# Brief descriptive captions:
****************************************
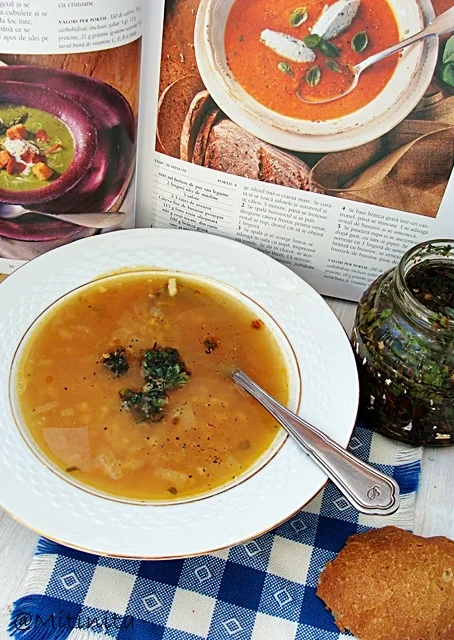 Lentil soup, red and tomato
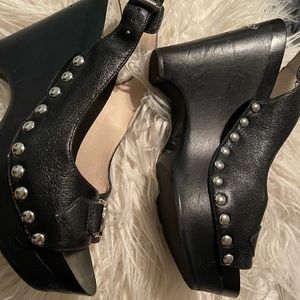 Michael Kors wedges size 7?? Hard to read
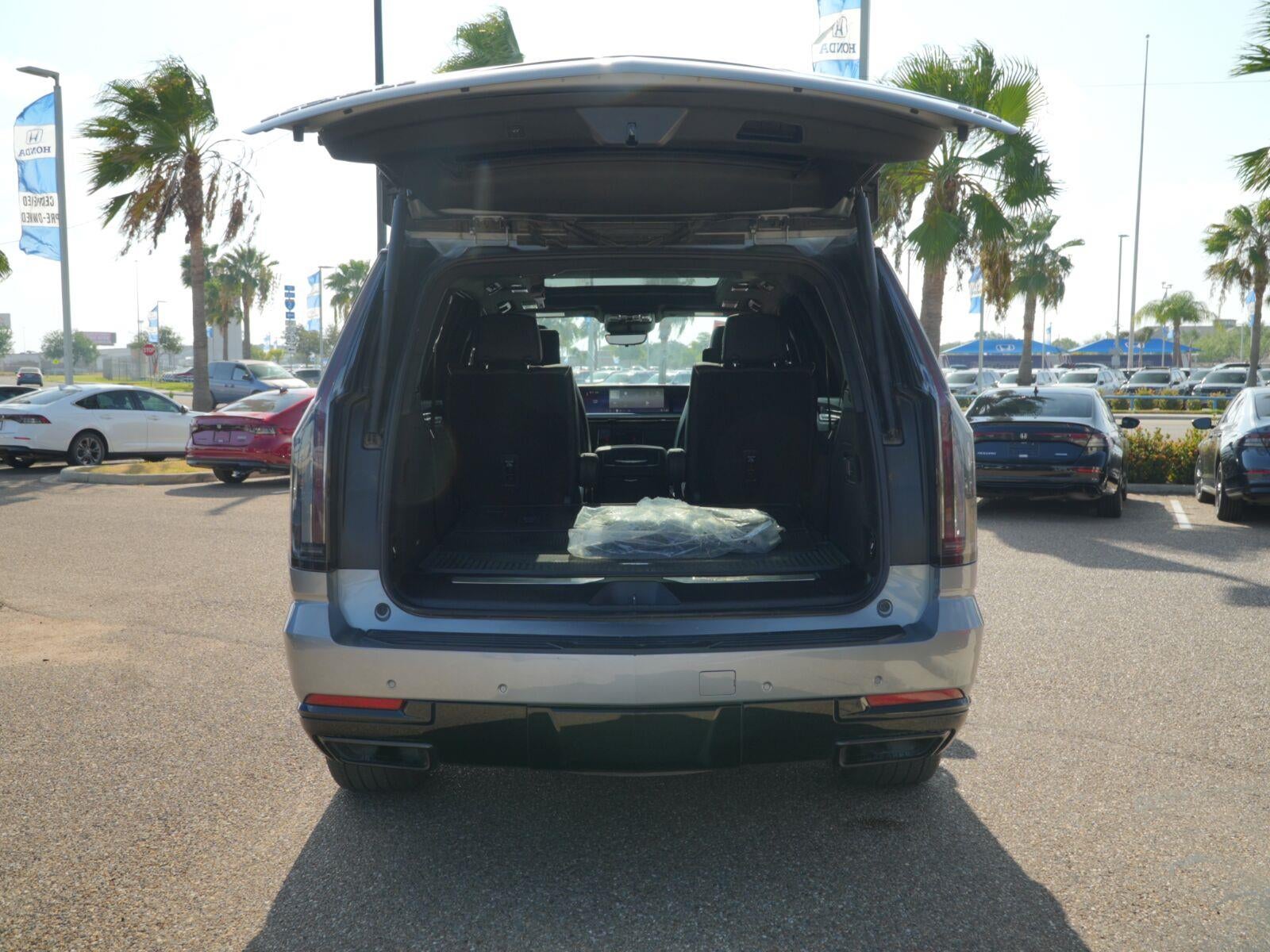 2025 Cadillac Escalade 4WD Sport
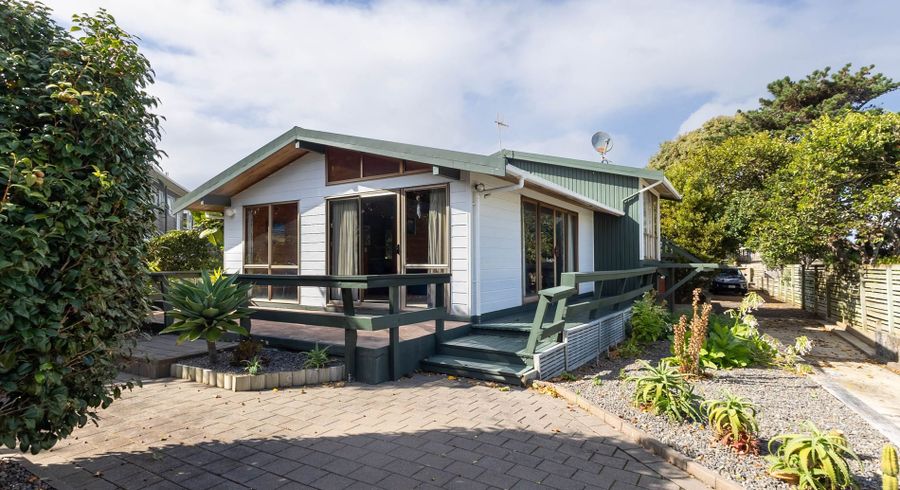 at 6 Tahi Road, Paraparaumu Beach, Kapiti Coast, Wellington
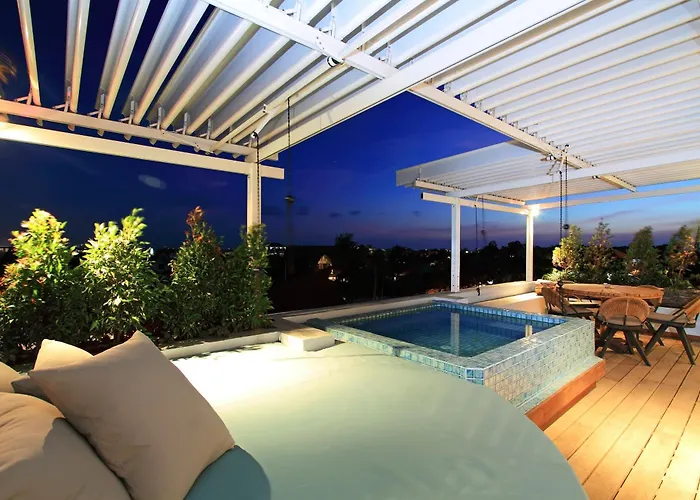 Private Penthouse With Sunset Views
****************************************
# Work task:
The answer must be an exact copy of the lines from the one with "Michael Kors wedges size 7?? Hard to read" through the final line above, both ends included, and nothing else; pictures stay out.

# Answer:
 Michael Kors wedges size 7?? Hard to read
 2025 Cadillac Escalade 4WD Sport
 at 6 Tahi Road, Paraparaumu Beach, Kapiti Coast, Wellington
 Private Penthouse With Sunset Views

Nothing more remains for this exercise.